Le concept des régions énergétiques est relativement nouveau en Suisse. On connaît surtout les régions énergétiques du district de Conches, du Toggenburg et du Val-de-Ruz. Du point de vue de la politique énergétique (Office fédéral de l’énergie) et en termes de politique régionale, la Confédération a tout intérêt à promouvoir d’autres régions énergétiques.

La vallée énergétique du Toggenburg serait-elle un exemple? Comment l’énergie y est-elle produite?

La vallée énergétique du Toggenburg mise sur toutes les sources d’énergies renouvelables et veut les renforcer. Dans ce contexte, il me semble important qu’un responsable régional prenne la fonction de chef. Dans le cas du Toggenburg, le bureau de la région du Toggenburg a fourni des impulsions importantes. En tant qu’acteur supra-communal, il est parfaitement légitimé et prédestiné à jouer un rôle de coordinateur. De tels bureaux sont installés dans toutes les régions de montagne en Suisse. Le potentiel organisa­tionnel existe donc. Maintenant, ces régions ont encore besoin de personnes innovatrices et de la prise de conscience que la production énergétique représente un grand potentiel pour l’économie régionale. La coopération avec des experts externes peut être utile. Ceux-ci peuvent être des personnes privées ou des chercheurs d’universités.

Y a-t-il encore d’autres régions de ce type, et comment l’énergie y est-elle produite?
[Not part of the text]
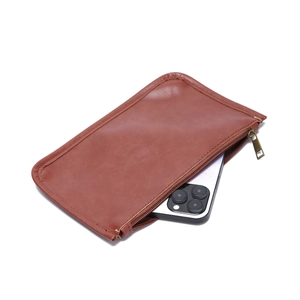 Gros plan d'une poche intérieure zippée en cuir marron avec un smartphone pour l'échelle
Le district de Conches est aussi pour moi un exemple intéressant. Au début du processus, il y eut une personne capable de prendre des initiatives. Le déclencheur fut la prise de conscience que le district de Conches produisait beaucoup d’énergie hydraulique, mais qu’il l’exportait en grande partie pour importer ensuite son énergie sous forme de combustibles fossiles. Le simple fait de démontrer ces flux d’énergie fut le pas important qui déclencha une autre façon de penser dans la région. A partir de ces faits, on analysa le potentiel pour des installations solaires et d’autres formes de production énergétiques, et on les mit progressivement en œuvre. Que la coopération avec le tourisme peut fonctionner, est démontré par cette région de façon exemplaire, par le succès d’«alpmobil», c’est-à-dire de la location de véhicules électriques pour explorer les cols alpins.